• _Data for this task_
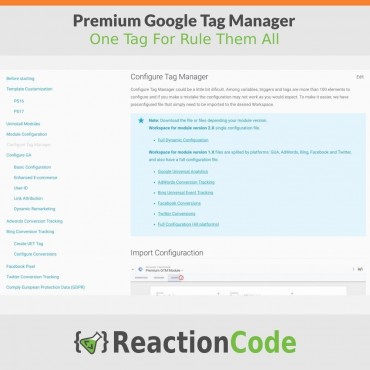 ماژول مدیریت تگ گوگل - Premium Google Tag Manager Module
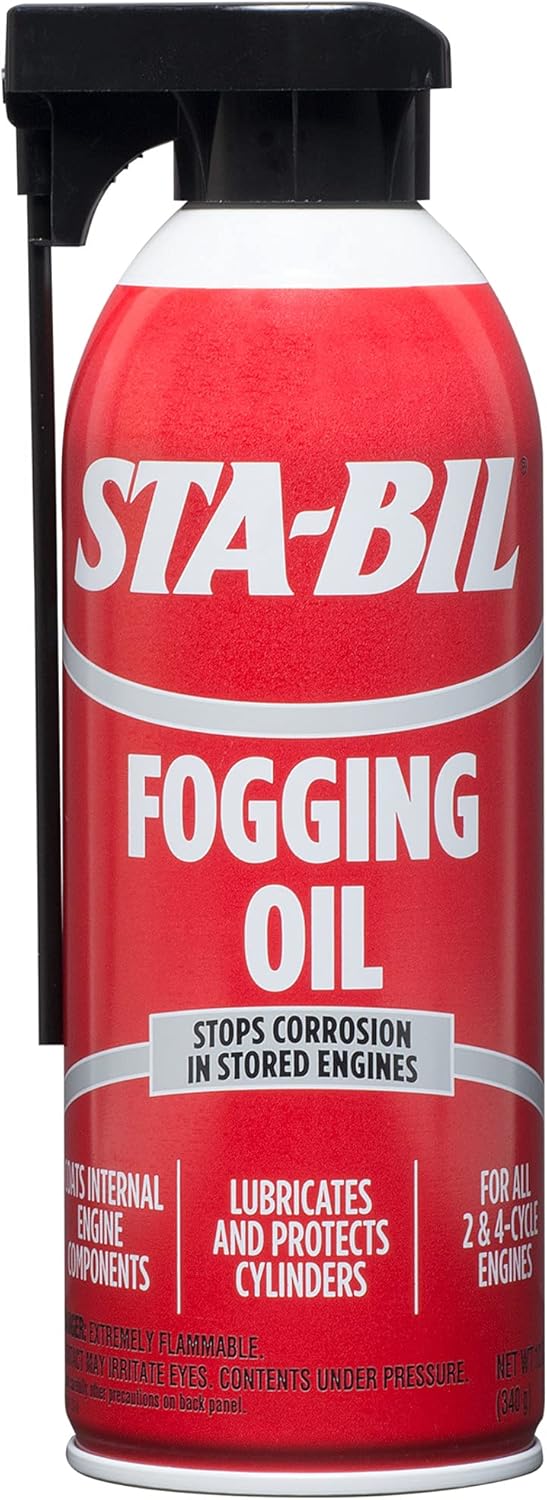 STA-BIL (22001) Fogging Oil - Stops Corrosion In Stored Engines - Lubricates And Protects Cylinders - Coats Internal Engine Components - For All 2 and 4 Cycle Engines, 12 oz.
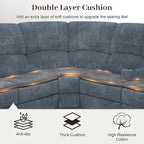 Yolsali Manual Reclining Sectional Sofa Set, 5 Seats Soft Fabric Recliner - Image 4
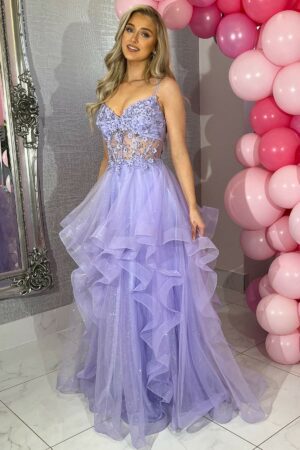 ruffle ballgown with straps and a corset back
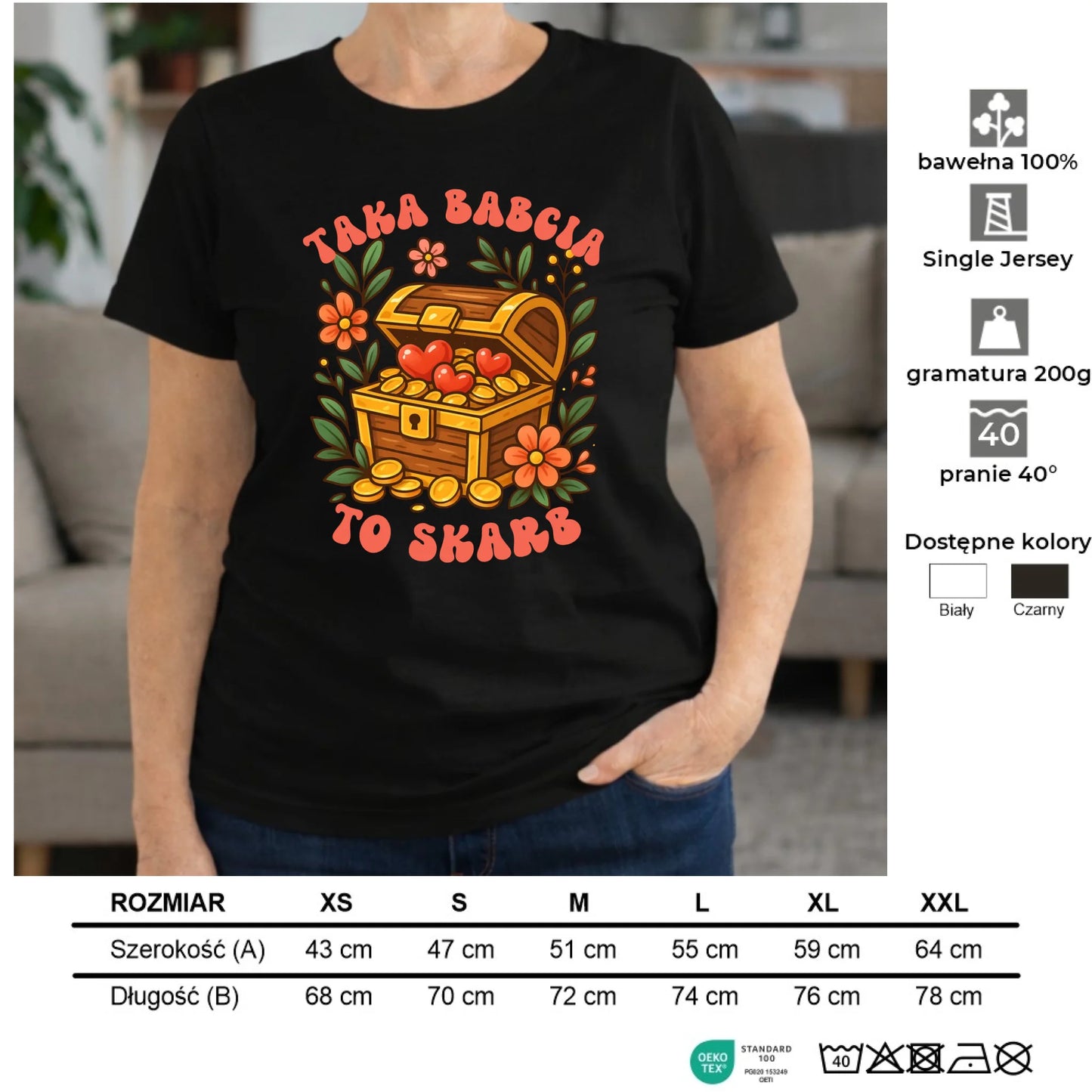 Koszulka dla babci - Taka Babcia to skarb B19 - StoryCups.pl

• _What is required_
Your copy should hold only the lines from the one containing "ruffle ballgown with" through the last line of the listing, both included, retyped exactly and free of pictures.

• _The completed task_
 ruffle ballgown with straps and a corset back
 Koszulka dla babci - Taka Babcia to skarb B19 - StoryCups.pl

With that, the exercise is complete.